Francesco Giavazzi is Chair of CEPR’s Advisory Board and was one of CEPR’s first Research Fellows, appointed in 1985. He was a Programme Director of CEPR’s International Macroeconomics programme between 1988 and 1999. A prolific contributor to CEPR’s research output, Francesco has authored nearly 50 CEPR Discussion Papers, two Policy Insights—including Policy Insight 130: Is Italy’s RRF Plan Working, or Is It Just Another Waste of Money?, co-authored with Chiara Goretti and published in May this year—and has contributed to several CEPR books and publications.

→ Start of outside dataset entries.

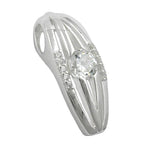 Vedhæng 21x8mm stribet med zirkoniaer Shiny Silver 925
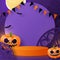 Halloween festival background design with 3d Podium round, square box stage podium ghost, pumpkin, bat, lamp, gravestone, moon, ni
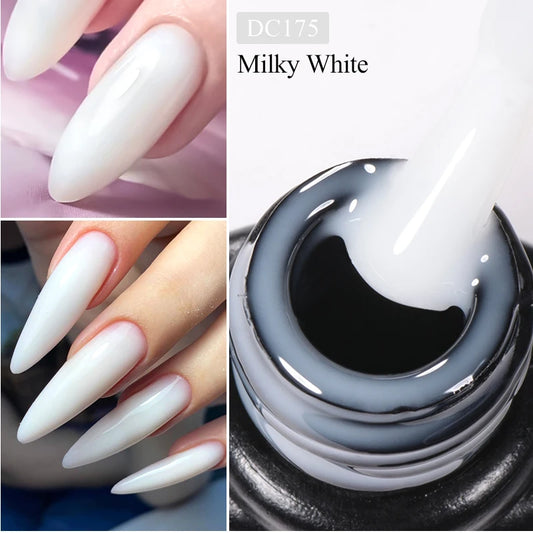 Esmalte em gel de extensão rápida branco leitoso Mtssii 7ml, cor nude, para unhas de acrílico semipermanentes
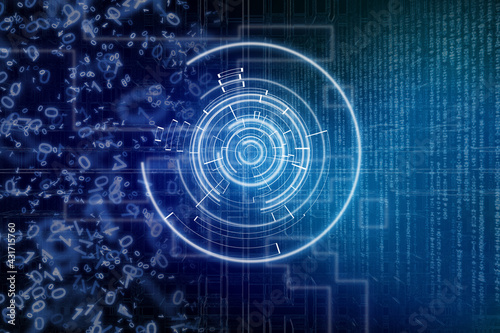 Blue digital futuristic circle on dark blue background. Technology wallpapr with binary code.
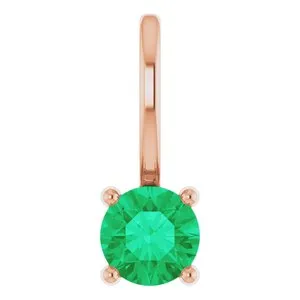 14K Rose Imitation Emerald Solitaire Charm/Pendant
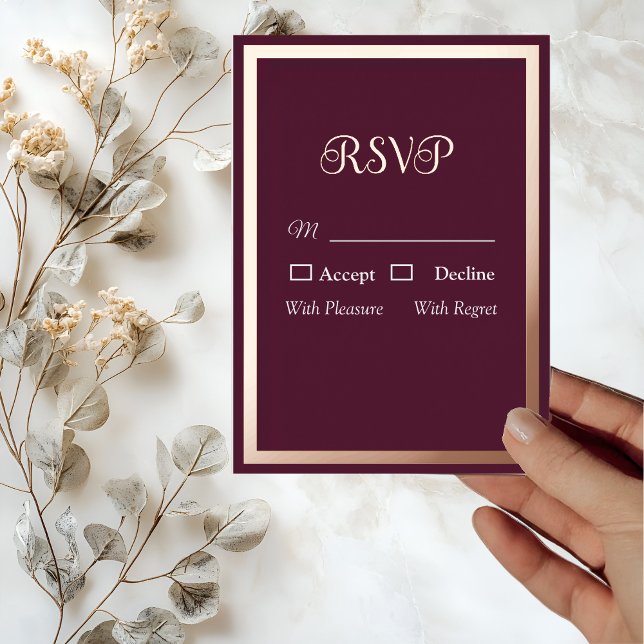 Moderne elegante Typografie Rose Gold RSVP Card Folieneinladung (Von Creator hochgeladen)
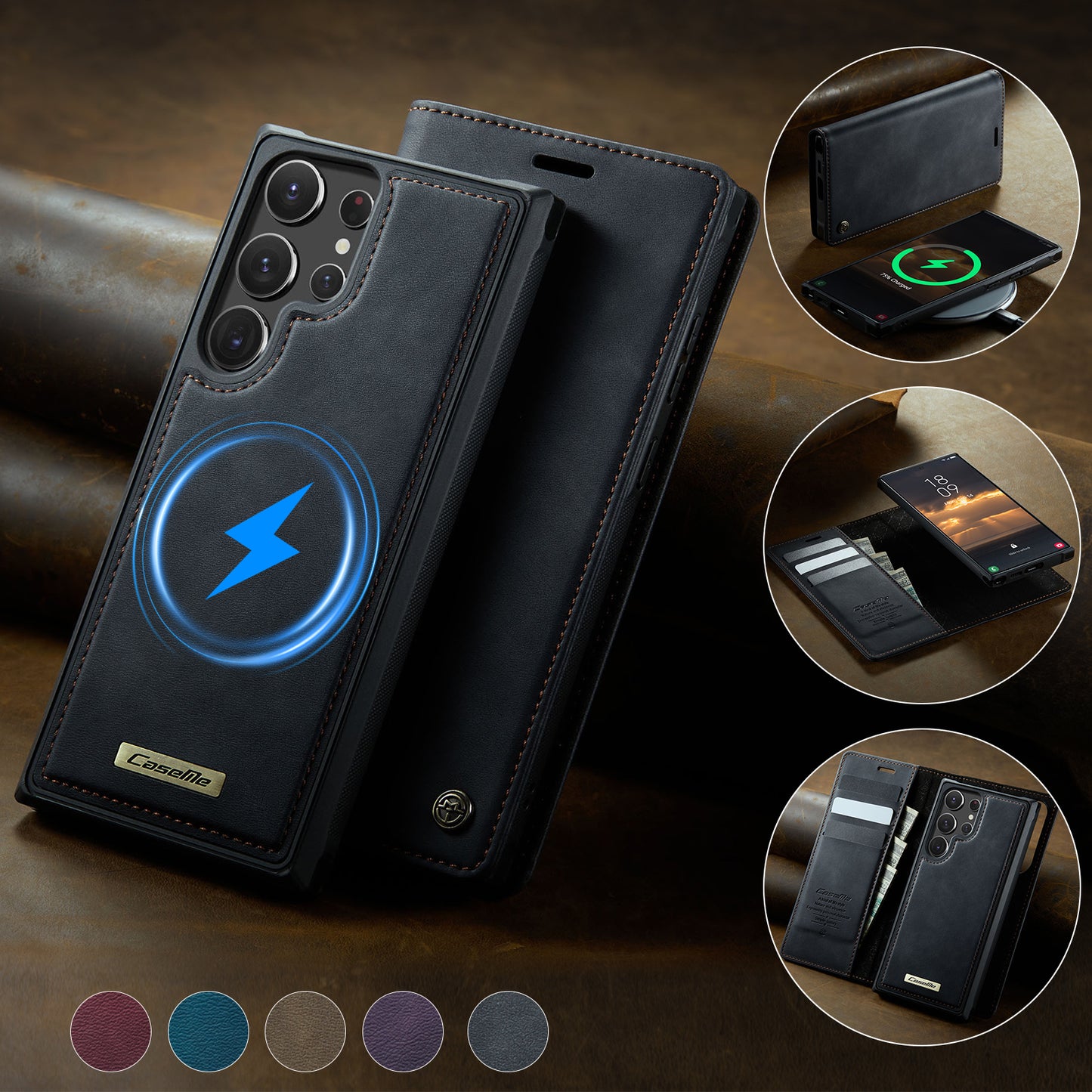 Samsung Galaxy S22 Ultra 5G Case CASEME C49 Compatible with MagSafe RFID Blocking Detachable Wallet Leather Phone Cover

He is currently Deputy Chair of Bocconi University’s International Advisory Board and Professor Emeritus at Bocconi University. His research spans international monetary economics, particularly European monetary integration, public debt sustainability, fiscal stabilisation, monetary policy, and financial institutions, and he has made major contributions to the academic literature, some of which were joint with the late Alberto Alesina.

In addition to his academic contributions, Francesco is an institution builder, playing a key role in the inception of IGIER, the Innocenzo Gasperini Institute for Economic Research, the research centre created in 1990 born from the collaboration between Bocconi, CEPR and NBER. He has also played major roles in economic policy, most recently as Economic Advisor to Italian Prime Minister Mario Draghi from May 2021 to October 2022, and between 1992 to 1994 as Director General of the Italian Treasury with responsibility for overseeing economic research and privatizations.

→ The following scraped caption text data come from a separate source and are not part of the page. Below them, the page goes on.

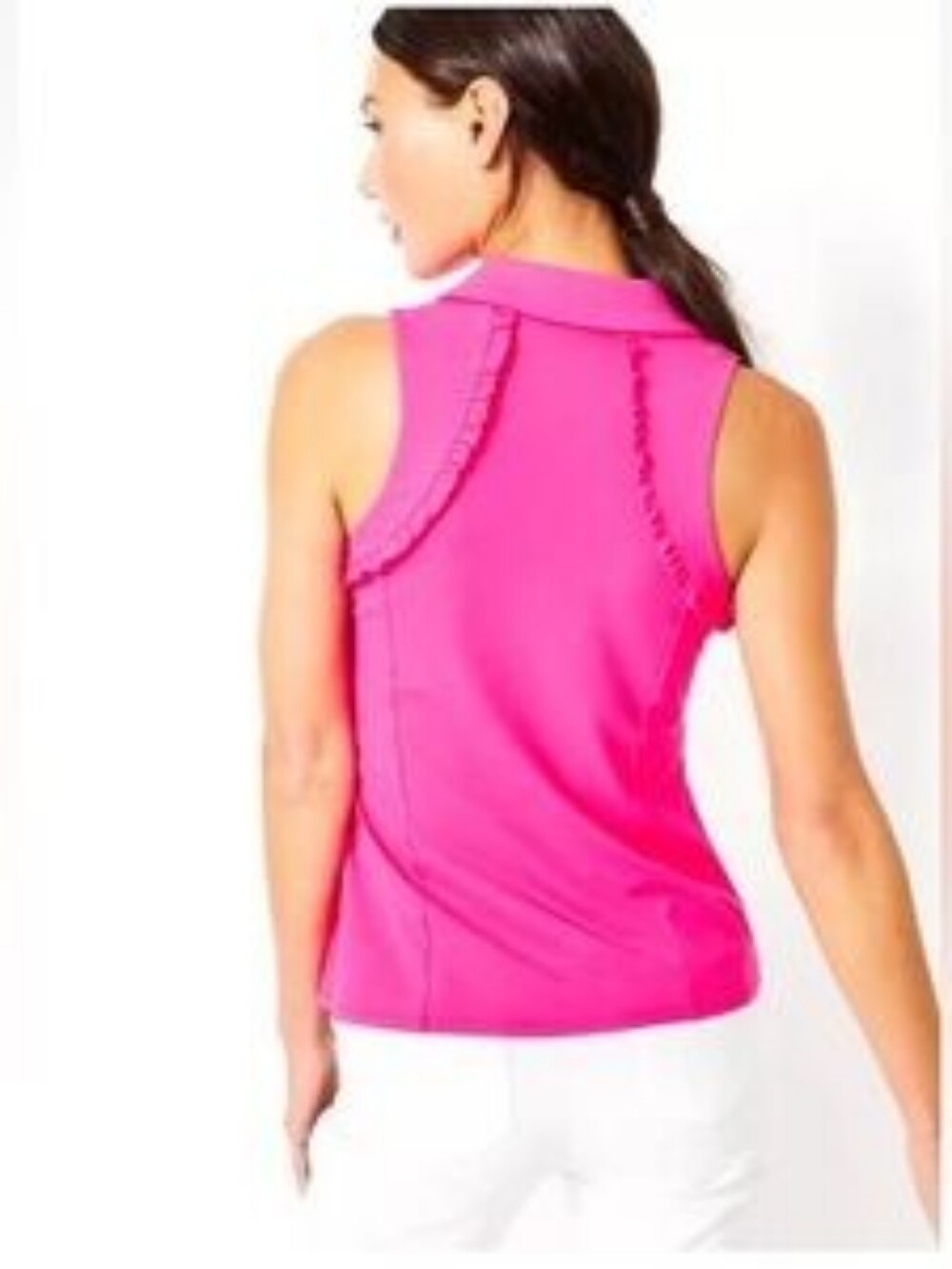 Lilly Pulitzer UPF 50+ Luxletic Martina Polo Top Pink Palms Medium - Picture 2 of 8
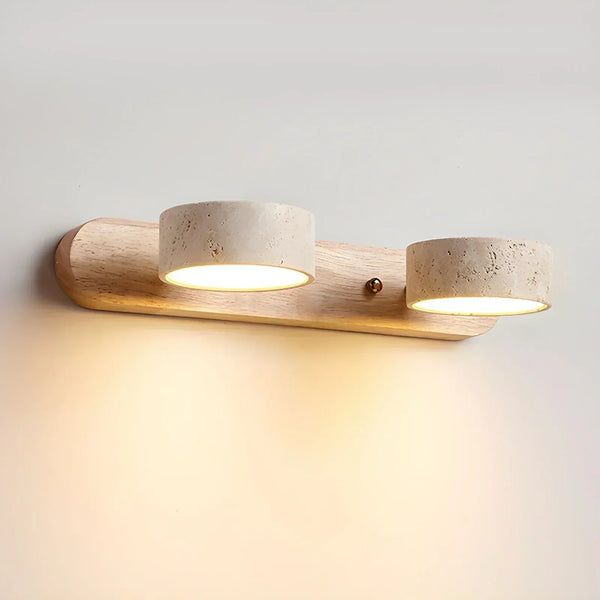 modern beige travertine wood duo led wall light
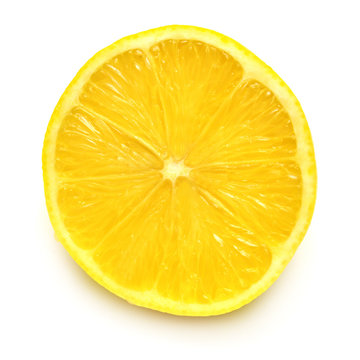 Cut lemon halves isolated on white background. Tropical fruit. F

Isabel Schnabel has served as a member of the Executive Board of the European Central Bank (ECB) since 2020, where she is responsible for Market Operations, Research, and Statistics. Isabel is currently on leave from the University of Bonn, where she has been Professor of Financial Economics since 2015. Previously, she was a member of the German Council of Economic Experts (2014–2019) and served as Co-Chair of the Franco-German Council of Economic Experts in 2019.

She holds a PhD in Economics from the University of Mannheim, and her research, which focuses on financial stability, banking regulation, international capital flows, and economic history, has been published in leading journals such as the Review of Financial Studies, Journal of International Economics, Journal of the European Economic Association, and Journal of Economic History. In 2018, she was awarded the Gustav Stolper Prize of the Verein für Socialpolitik.

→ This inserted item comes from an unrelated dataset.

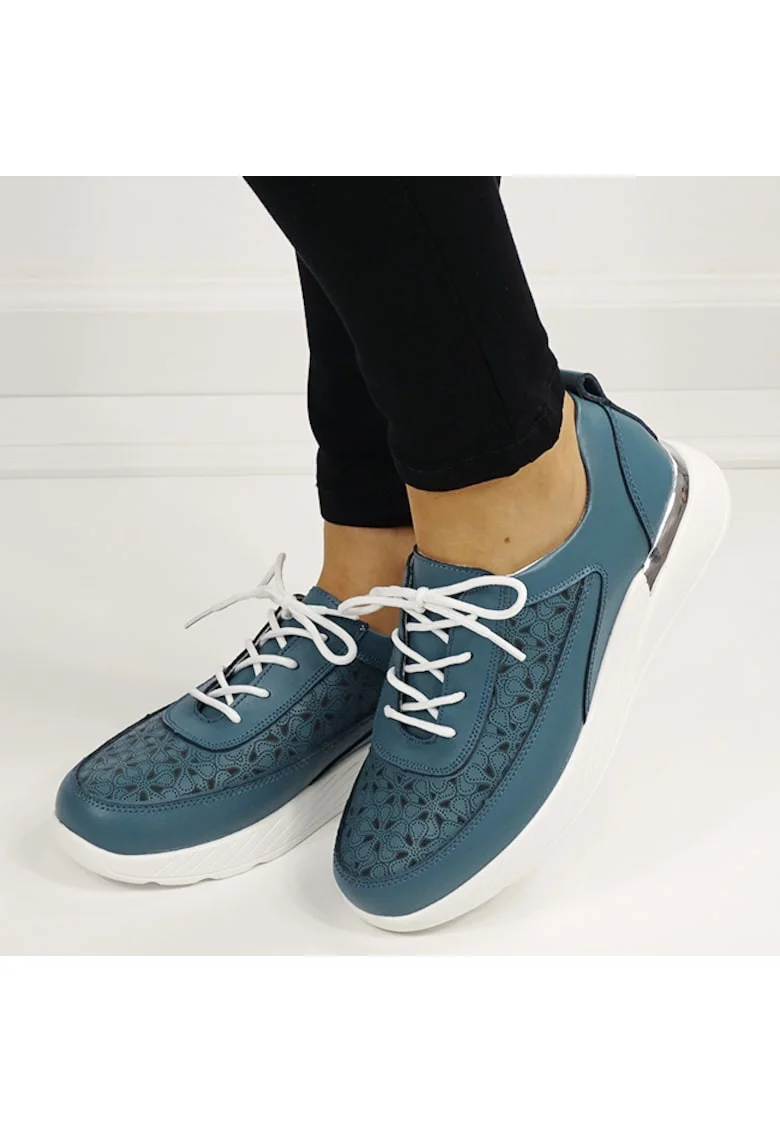 Sneakersi albastri din piele naturala 5108 M7 16453, Bleumarin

Isabel has been a CEPR Distinguished Fellow since 2022 (Research Fellow since 2015, Research Affiliate since 2006) and is also a member of the European Financial Architecture RPN.  She has been an active contributor to CEPR, having co-written 21 VoxEU columns, authored 10 CEPR Discussion Papers, contributed to eight CEPR books, and was an author of the well known “7+7 CEPR Policy Insight on reconciling risk sharing with market discipline.

At the CEPR Paris Symposium 2024, her keynote address focused on navigating towards a neutral level of policy rates, highlighting that monetary policy is at a critical juncture. With interest rates approaching neutral territory and risks to the inflation outlook broadly balanced, she argued that monetary policy should proceed gradually and remain data dependent.

CEPR also took the opportunity to celebrate the exceptional service of our CEO, Tessa Ogden, presenting her with the 2024 CEPR Special Service to the Profession Award. Tessa's outstanding contributions to CEPR began in 1995, and after serving as Chief Operating Officer until 2002, she returned in 2014 as CEO following the retirement of Stephen Yeo, who had led CEPR for 30 years. Over the past decade, Tessa has expertly guided the organisation, working initially with Richard Baldwin and, since 2018, with Beatrice Weder di Mauro, securing CEPR’s financial stability and growth. Her leadership also oversaw the successful relocation of CEPR's headquarters to Paris, a move that has led to a significant increase in both activity and staff. CEPR’s research community owes Tessa a tremendous debt of gratitude for her tireless dedication, not just to the organisation, but to the economics profession as a whole.

CEPR warmly congratulates all three prize winners.